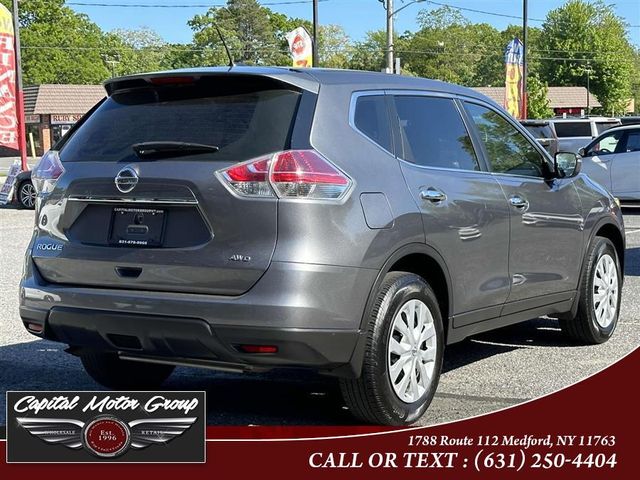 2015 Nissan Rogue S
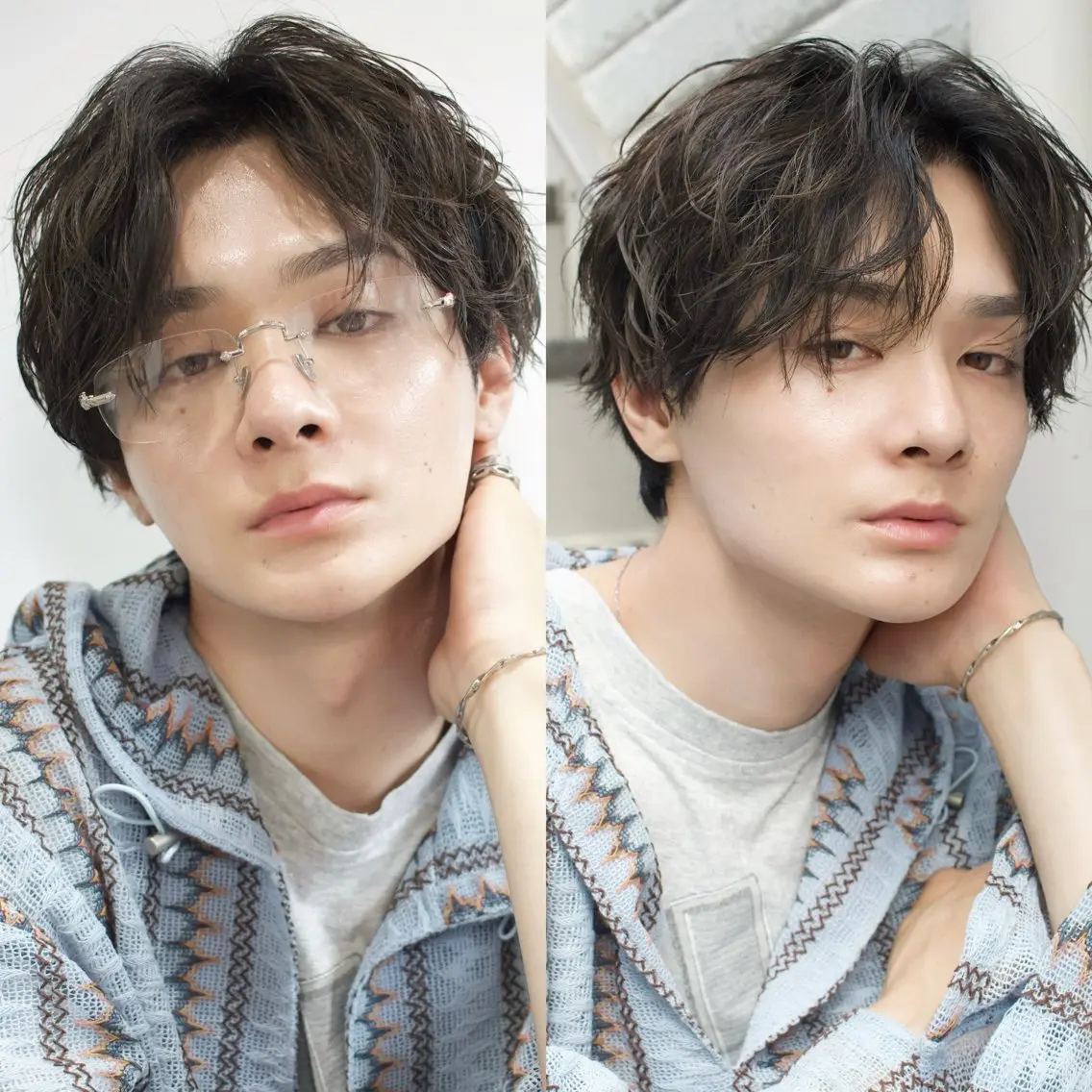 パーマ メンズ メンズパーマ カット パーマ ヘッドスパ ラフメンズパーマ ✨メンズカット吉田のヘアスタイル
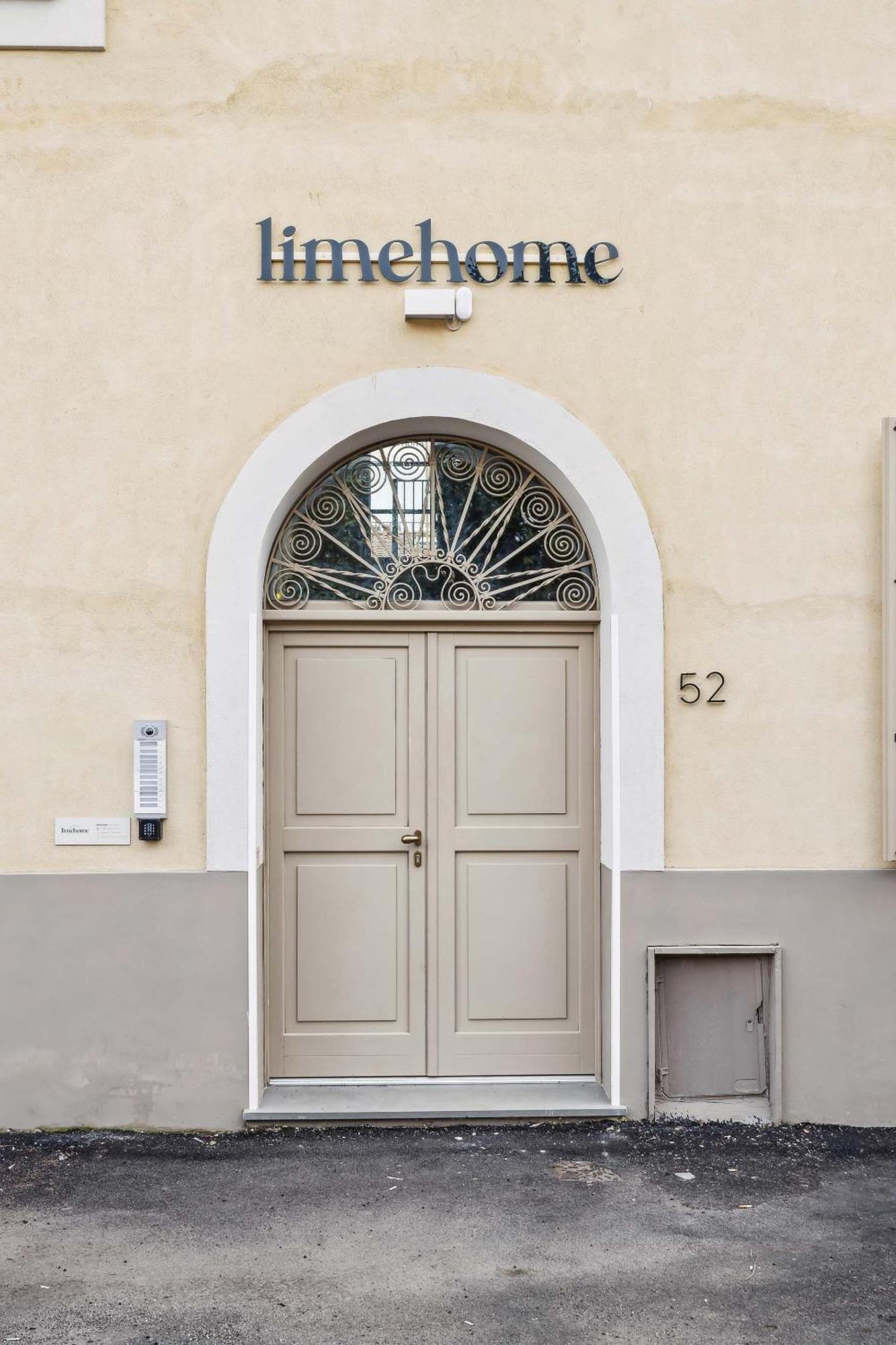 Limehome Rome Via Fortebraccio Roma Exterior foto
◇ ◇ ◇ ◇ ◇ ◇ ◇
#### Required action:
The data above, line by line: transcribe it exactly and drop the pictures.

#### Exercise result:
 2015 Nissan Rogue S
 パーマ メンズ メンズパーマ カット パーマ ヘッドスパ ラフメンズパーマ ✨メンズカット吉田のヘアスタイル
 Limehome Rome Via Fortebraccio Roma Exterior foto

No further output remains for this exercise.